Dice. Magnets. Venture Capital. (Part 2)
|Jul 23, 2019|
Link to Part 1, this post is Part 2 of 2.
When I go to Vegas, people are always surprised to hear that I am not a gambler, or maybe it’s just my wife is surprised because as she says, “Your entire job is gambling on startups.” And I’ve never really been able to refute that. From the outside world that may seem true, but just as dice migrate towards a truth and magnets attract, I know in my bones that the winners in venture keep winning, even though it starts with the roll of the dice, and there is something that Venture Capital has that a game of chance does not.
“VC has an expected value of greater than one. Dice have an expected value of one. Gambling has an expected value of less than one.

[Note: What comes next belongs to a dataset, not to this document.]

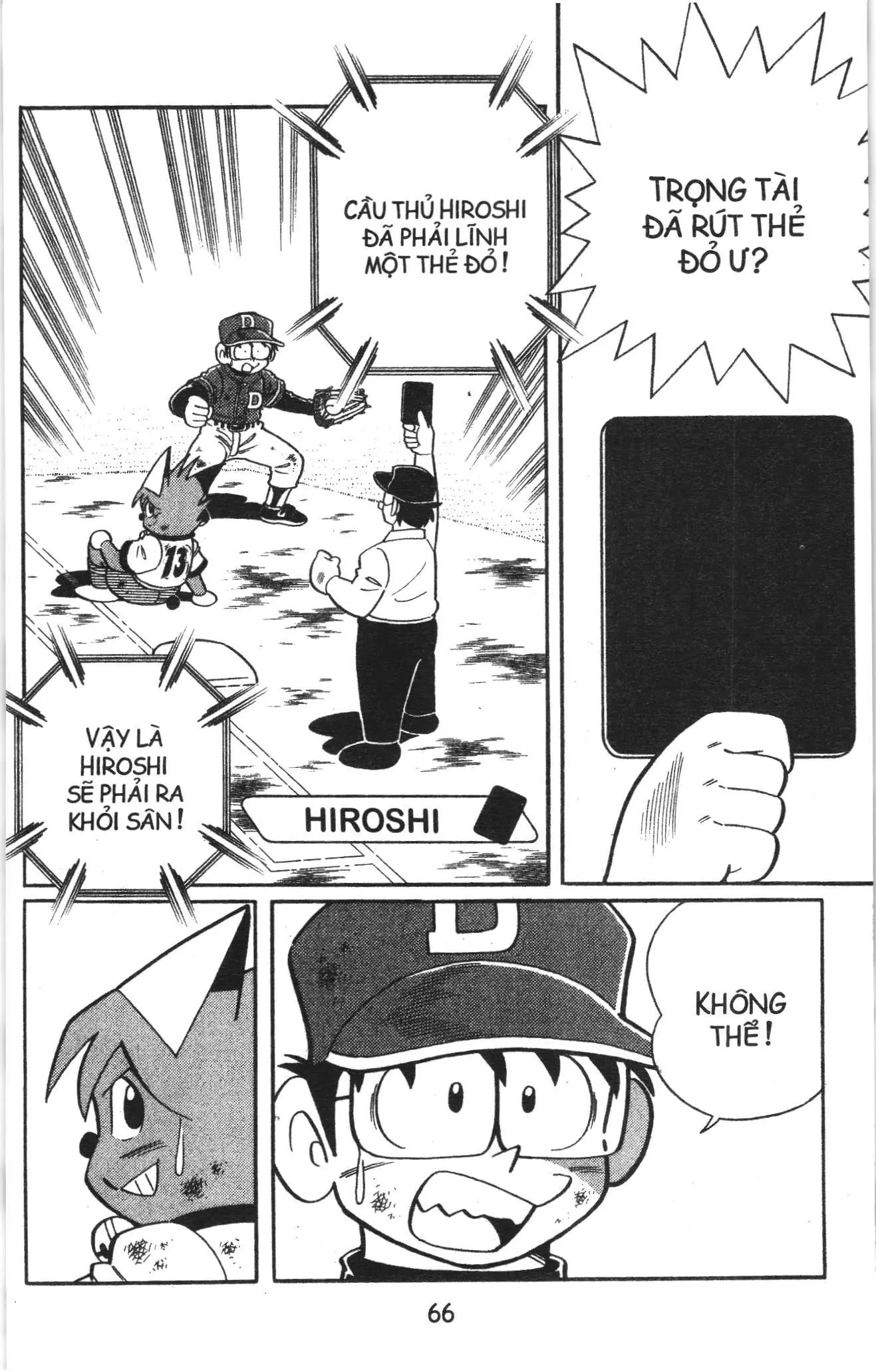 Tuyển tập Doraemon bóng chày (NXB Kim Đồng) Chapter 73 - Trang 2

Historically, the stock market has increased at about 12% compounded. Banks lend at about 5% historically. Real estate, when efficient returns about 10%. VC has a historic rate closer to 18% compounded, but with less history. Investing money in general returns more. Gambling returns less (except the casinos make more). A dice roll returns what you put in to it.” - Tim Draper
As a follow up to my previous newsletter, my Dad answered with the above, and he is obviously correct. This encapsulates everything based on historical outcomes. It also gives evidence to the fact that yes, gambling is a worse investment than Venture Capital.
However, what I’m trying to discuss isn’t about the results, I think everyone reading can agree that venture capital historically is a far better asset than roulette (Except for the house). The curious question I’m contemplating is WHY? Why is Venture Capital not a game of chance, or how is it different than dice rolling.

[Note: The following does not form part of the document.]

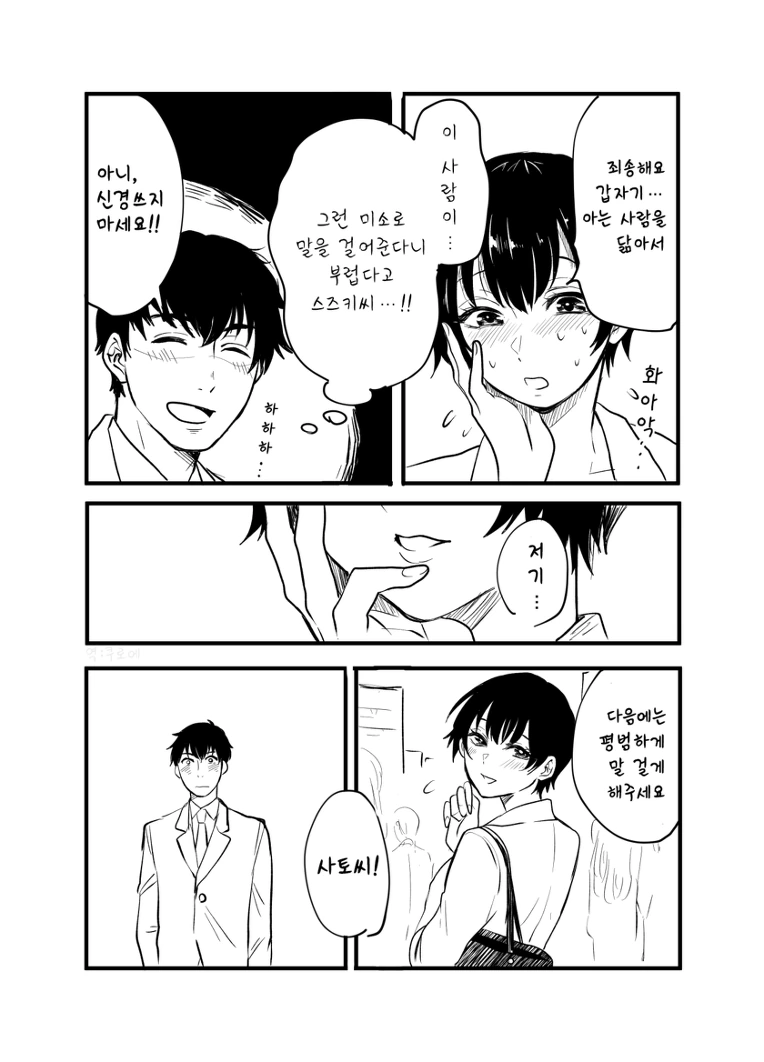 요망한 OL.Manga - 이미지 2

I believe that the difference lies in the nature of compounding value. People can create compounding value, and dice are dice. People who are insanely good at math, attract others who are insanely good at math. People who can explain something with clarity and vision can pass the message on from one person to the next with ease creating virality… and dice are dice.
As an early stage investor, the goal is clear, invest in a startup early for a low valuation and do what you can to help that company progress and grow into a world dominating beast.
The things that separate the winners from the losers is a simple case of compounding characteristics:
A founder with a great understanding of the market.
A great leader.
A founder who can distill complex concepts into very simple ideas.
A founder who has failed or succeeded in building a startup before.
The more compounding characteristics you have the better odds of success. Its like trying to roll four 6s with 8 dice rather than 4.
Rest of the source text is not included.